Rebecca Goldin Ph.D
There’s no way of better inspiring people to think about math than to give them a conundrum where the stakes are high. So it is in the Monty Hall Game, which became famous on the program Let’s Make a Deal in the 1980s. The game gets played as follows. There are three doors, numbered 1, 2, and 3. Behind one of them is a car, and behind the other two are goats. First, a player chooses one of three doors, say Door Number 1. The host then reveals one of the other two with a goat behind it, say Door Number 2. Then the player is offered to switch to Door Number 3 – should she switch?
Our intuition may not be our best friend here. Your gut may tell you that by opening a door that has no goat behind it, you have gained no information (you already knew that there was at least one goat behind Door 2 or Door 3). So your chance of winning is just 50/50. But here’s where it gets confusing. Your best strategy depends on how the game really played.
If the rules require the host to open one of the remaining doors with a goat behind it, then you should switch. When you picked Door Number 1, there was a 1/3 chance that your door has the car, and 2/3 chance that the car is behind one of the other two doors. After the host reveals that one of them has a goat, if you switch to the remaining door, you’ll have a 2/3 chance of winning.
On the other hand, if the host is not required to offer a switch, the odds may not be on your side to switch. And depending on what rule he’s following, your chance of winning or not could rise or fall considerably.
Take for example, the case where the host knows there’s a goat behind Door Number 2, and no matter what choice you make, he intends to open that door.
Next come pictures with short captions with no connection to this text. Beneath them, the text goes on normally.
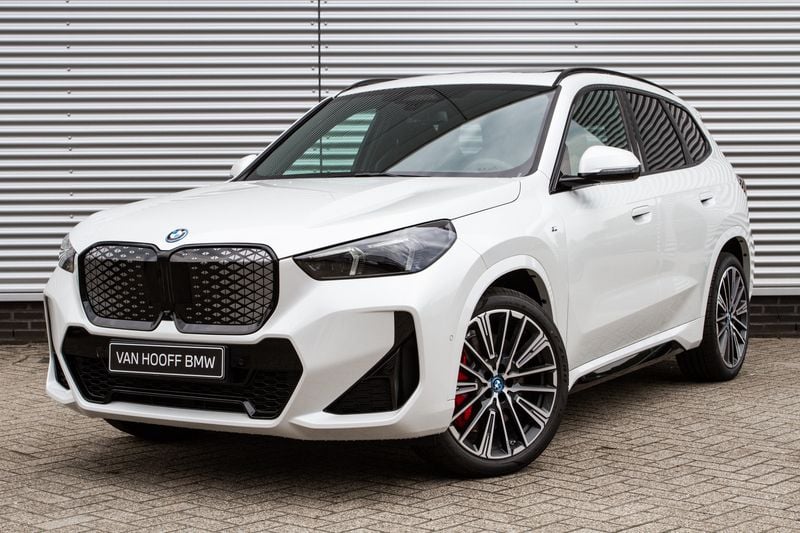 Wit Nieuw 2025 BMW iX1 Comfort Edition SUV | € 64.587 (Eerlijke prijs) - Afbeelding 1/4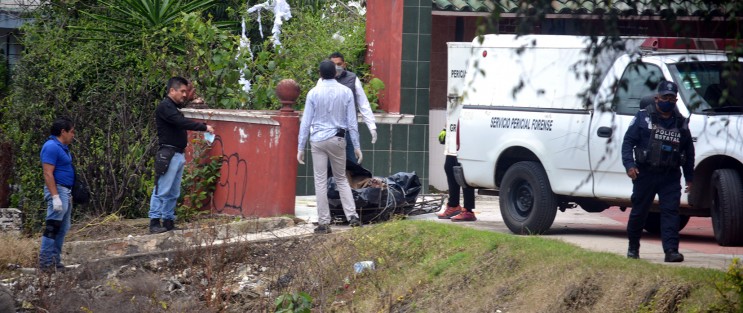  Fueron localizados restos humanos a un costado de las vías del tren, muy cerca del bulevar Xalapa-Banderilla. La zona fue acordonada por personal de seguridad; agentes ministeriales y elementos de la SSP. 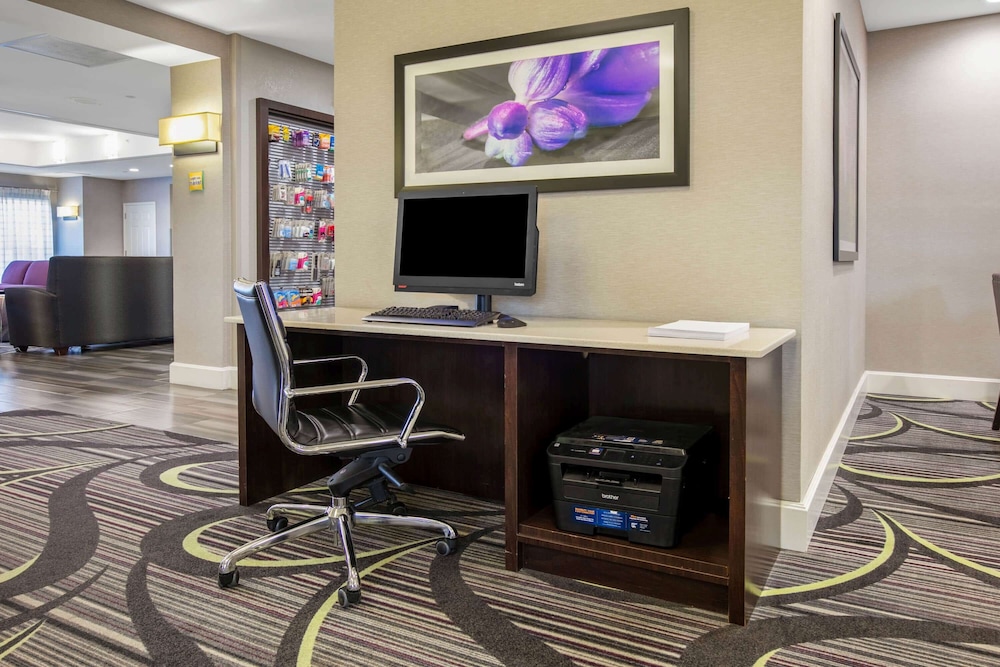 La Quinta Inn & Suites by Wyndham DFW Airport South / Irving 45/52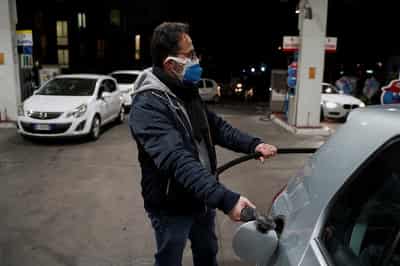 Image for Italy's government to extend cut in fuel excise duty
So if you choose Door Number 2 right at the beginning, you lose. If you don’t choose it, then he opens Door Number 2 and offers you the chance to switch. Your chance of winning is now 1/2, regardless of whether you switch or not.
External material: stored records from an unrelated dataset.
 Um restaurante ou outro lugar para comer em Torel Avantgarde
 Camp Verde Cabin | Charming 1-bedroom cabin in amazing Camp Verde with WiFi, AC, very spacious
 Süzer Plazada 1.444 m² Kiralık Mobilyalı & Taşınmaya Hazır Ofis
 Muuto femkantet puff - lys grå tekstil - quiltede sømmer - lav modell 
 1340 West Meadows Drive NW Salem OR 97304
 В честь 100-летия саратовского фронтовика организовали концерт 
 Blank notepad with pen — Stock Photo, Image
On the other hand, the host could be truly mean-spirited. If you choose a wrong door, he plans to open it and show you that you got yourself a goat. If you choose a correct door, you are offered to switch (and even offered money to take it). Now the chance of you winning if you switch has been reduced to zero!
This problem illustrates the importance in mathematics of having a very clearly stated problem. The problem of whether you should switch is not answerable without a clear statement of the host’s strategy.
Recently, the mathematics of this problem has been applied to psychological experiments involving choice rationalization. The New York Times’ John Tierney has done an outstanding job at explaining the mathematical mistake made by some researchers in establishing a baseline for preference while conducting these experiments. The graphics are extremely illustrative, both in establishing how the Monty Hall problem is related, and in how an excellent article about a confusing yet inspiring math brain teaser can be written.
April 22, 2008 at 9:24 am |
Consider this variant: the host MUST open one of the two doors not selected by the player, but the host DOES NOT KNOW where the car is, so the host chooses randomly and HAPPENS to open a door to reveal a goat. Now, should the player switch?